Beefy Boxes and Bandwidth Generously Provided by pair Networks
No such thing as a small change
 
PerlMonks  

The "anchor" misnomer in regexes

by japhy (Canon)
on Dec 16, 2005 at 15:00 UTC ( [id://517258]=perlmeditation: print w/replies, xml ) Need Help??

The most common category of regex questions I see is about greediness and non-greediness, and I think many of you will agree: it's a potentially tricky concept for beginners to understand, and it can bite even seasoned regexers from time to time, present company included. A good number of the questions in this category have to do with matching at the end of a string. Here's an example:
n00b
I have the regex /#(.*?)$/ and the string "this #is an #example string". I want to match "example string" with the regex, but for some reason it's matching "is an #example string" even though I've got a non-greedy .* and I've got it anchored to the end of the string.
Invariably, you'll hear answers like "regexes are left-most longest" and "you want [^#]* instead of .*?" and "start your regex with .*". But I don't think I've seen an answer (at least, it hasn't caught my eye like the way I'd expect it to) that says "you aren't anchoring your regex to the end of the string".

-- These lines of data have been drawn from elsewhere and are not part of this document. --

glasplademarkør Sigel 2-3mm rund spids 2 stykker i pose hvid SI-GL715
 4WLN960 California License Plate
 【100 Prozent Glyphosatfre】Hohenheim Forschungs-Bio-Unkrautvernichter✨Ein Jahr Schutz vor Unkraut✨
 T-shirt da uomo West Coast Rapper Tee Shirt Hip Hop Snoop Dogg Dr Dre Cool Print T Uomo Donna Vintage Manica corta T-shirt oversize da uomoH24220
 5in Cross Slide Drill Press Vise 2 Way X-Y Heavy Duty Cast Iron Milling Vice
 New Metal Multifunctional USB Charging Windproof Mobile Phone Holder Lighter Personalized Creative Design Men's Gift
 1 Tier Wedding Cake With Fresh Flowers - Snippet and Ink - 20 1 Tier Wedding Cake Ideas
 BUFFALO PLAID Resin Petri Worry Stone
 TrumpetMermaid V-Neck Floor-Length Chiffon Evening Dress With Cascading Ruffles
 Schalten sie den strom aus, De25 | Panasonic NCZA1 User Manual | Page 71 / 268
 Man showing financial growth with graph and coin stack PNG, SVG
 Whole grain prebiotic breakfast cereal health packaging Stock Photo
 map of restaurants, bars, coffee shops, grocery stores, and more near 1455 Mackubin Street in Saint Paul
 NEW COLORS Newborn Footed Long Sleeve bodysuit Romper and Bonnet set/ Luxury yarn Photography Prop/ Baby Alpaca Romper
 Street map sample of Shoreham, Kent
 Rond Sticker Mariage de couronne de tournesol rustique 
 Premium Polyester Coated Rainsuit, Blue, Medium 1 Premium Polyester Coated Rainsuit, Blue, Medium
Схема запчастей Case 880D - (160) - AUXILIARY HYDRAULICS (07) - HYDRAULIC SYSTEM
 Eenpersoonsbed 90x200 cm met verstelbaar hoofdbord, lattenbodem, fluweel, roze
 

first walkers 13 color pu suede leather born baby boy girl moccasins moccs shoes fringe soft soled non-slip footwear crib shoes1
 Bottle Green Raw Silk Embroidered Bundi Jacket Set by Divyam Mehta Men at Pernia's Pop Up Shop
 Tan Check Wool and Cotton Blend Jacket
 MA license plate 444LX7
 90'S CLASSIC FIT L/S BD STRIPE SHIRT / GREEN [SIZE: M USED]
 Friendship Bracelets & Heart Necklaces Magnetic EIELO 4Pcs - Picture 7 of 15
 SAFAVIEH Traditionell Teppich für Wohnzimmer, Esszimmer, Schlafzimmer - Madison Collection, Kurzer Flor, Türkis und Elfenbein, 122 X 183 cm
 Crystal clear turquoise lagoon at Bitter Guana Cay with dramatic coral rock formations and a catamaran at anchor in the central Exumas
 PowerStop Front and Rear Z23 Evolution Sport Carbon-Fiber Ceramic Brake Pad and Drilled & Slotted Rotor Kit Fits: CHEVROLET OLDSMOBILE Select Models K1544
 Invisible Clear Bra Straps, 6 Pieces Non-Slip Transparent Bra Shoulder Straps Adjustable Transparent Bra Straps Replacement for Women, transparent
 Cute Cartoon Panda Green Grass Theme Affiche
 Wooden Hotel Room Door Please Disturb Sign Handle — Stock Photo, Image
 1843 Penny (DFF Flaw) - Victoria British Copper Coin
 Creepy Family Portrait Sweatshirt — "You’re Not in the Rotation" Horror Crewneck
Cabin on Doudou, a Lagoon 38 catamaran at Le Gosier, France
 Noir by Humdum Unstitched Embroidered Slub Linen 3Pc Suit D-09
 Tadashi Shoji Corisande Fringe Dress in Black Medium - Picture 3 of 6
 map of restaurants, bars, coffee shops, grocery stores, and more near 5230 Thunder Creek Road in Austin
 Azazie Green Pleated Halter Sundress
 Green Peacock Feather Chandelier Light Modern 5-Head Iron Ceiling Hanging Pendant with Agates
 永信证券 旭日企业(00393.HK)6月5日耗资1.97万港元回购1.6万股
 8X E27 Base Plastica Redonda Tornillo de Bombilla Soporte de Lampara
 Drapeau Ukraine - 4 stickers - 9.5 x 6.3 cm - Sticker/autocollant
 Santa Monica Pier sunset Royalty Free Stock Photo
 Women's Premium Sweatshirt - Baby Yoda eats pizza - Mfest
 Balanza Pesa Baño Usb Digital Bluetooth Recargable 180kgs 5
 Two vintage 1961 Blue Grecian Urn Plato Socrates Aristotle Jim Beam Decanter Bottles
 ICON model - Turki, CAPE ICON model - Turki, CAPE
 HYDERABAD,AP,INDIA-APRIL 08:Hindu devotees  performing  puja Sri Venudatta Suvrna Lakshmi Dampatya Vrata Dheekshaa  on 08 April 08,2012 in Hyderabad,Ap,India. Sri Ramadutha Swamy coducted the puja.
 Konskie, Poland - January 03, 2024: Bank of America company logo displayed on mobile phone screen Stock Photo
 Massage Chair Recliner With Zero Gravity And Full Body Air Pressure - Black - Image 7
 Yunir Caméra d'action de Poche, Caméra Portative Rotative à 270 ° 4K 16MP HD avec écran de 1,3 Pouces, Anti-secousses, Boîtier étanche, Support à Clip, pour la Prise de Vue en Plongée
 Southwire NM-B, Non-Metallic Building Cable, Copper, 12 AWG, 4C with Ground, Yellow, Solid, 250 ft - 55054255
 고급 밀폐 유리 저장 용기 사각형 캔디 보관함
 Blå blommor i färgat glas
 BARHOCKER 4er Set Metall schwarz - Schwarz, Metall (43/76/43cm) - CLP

Thus, this meditation. We often refer to \A \b \B \G \z \Z ^ $ as "anchors", but I feel this is a misnomer, a simplification of their real name (which would be something like "string location assertion") that gets in the way of their actual purpose. One could say that the regex /f$/ is anchored to the end of the string it matches, and one would be essentially right, since such a simple regex triggers a couple optimizations in the regex engine that result in the regex really meaning "look for an 'f' at the end of the string" rather than "find an 'f' followed by END-OF-STRING". Clearly, in a string with many f's, the optimized version is much smarter and faster.

But the regex /\s+$/ is not anchored (and this grieves me). I've used this example time and time again when explaining regex reversal and that whole tangent, and it's useful again. If the regex were really anchored (that is, immovable), it would find the end of the string, and then match the regex in that context -- that is, the regex would have to terminate at the end of the string. As it stands, Perl can't optimize the regex that way, and we end up matching EVERY chunk of whitespace, and then testing to see if END-OF-STRING comes after it.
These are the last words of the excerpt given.